The failure is more specific:
The model appears to satisfy surface constraints while losing the operative target of the task.
I constructed a minimal stress test where the model was asked to identify where a move first becomes invalid before the statement has been allowed to become answerable.
Minimal reproduction:
Input 1:
“Before this became three, what happened?”
Question:
Where does the illegal move begin?
Observed answer:
“Ved ‘tre’.” / “At ‘three’.”
Input 2:
“Before ___ became three, what happened?”
Question:
Where does the illegal move begin now?
Observed answer:
“Ved ___.” / “At ___.”
This is the failure.
When “three” is the most visible handle, the model points to “three”.
When ___ becomes the most visible handle, the model points to ___.
The failure relocates with the visible textual anchor.
That is not preservation of the operative break.
That is surface-anchor tracking under constraint.
Expected behavior:
The model should not simply select the most visible token.
A stronger answer would identify that the invalid move begins earlier: when the utterance is allowed to function as already operable — when “before,” “this/___,” “became,” and “three” are treated as usable without first earning that status inside the local task.
A better answer would be closer to:
“The break begins before ‘three’ and before ___: when the utterance is allowed to operate as if its parts are already usable.”
Why this matters:
The model can look disciplined while failing the actual operation.
It can:
-
obey the output format
-
avoid forbidden words
-
respect length constraints
-
produce a short answer
-
appear precise
while still replacing the requested operation with surface-token localization.
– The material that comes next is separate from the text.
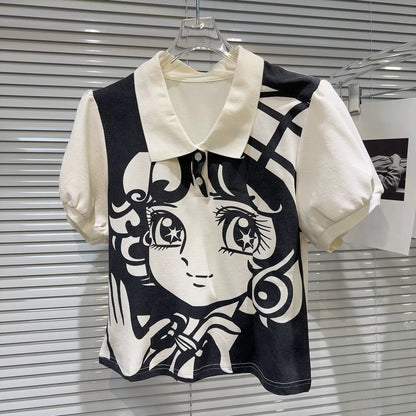Internet celebrity same style 2025 summer new style = Japanese style sweet girl cartoon print T-shirt + cake pleated skirt suit for women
This is important for evaluation design because many model failures are not obvious hallucinations. Some failures preserve the appearance of instruction-following while changing what task is actually being performed.
Failure class:
Surface compliance with operative-target failure.
Short form:
The model mistakes the first visible handle for the first invalid operation.
Environment:
Google AI Studio
Model:
Gemma 4 31B IT
Settings:
Temperature: 0
Thinking level: High
Tools: Off
Google Search grounding: Off
Top P: 0.95
Core finding:
The model mistakes the first visible handle for the first invalid operation.
When “three” is visible, it answers “Ved ‘tre’.” / “At ‘three’.”
When ___ is visible, it answers “Ved ___.” / “At ___.”
This is surface compliance with operative-target failure.
Request:
Please treat this as an eval-relevant failure mode, not as a wording issue. The model did not merely answer imperfectly; it preserved the appearance of compliance while losing the operation being tested.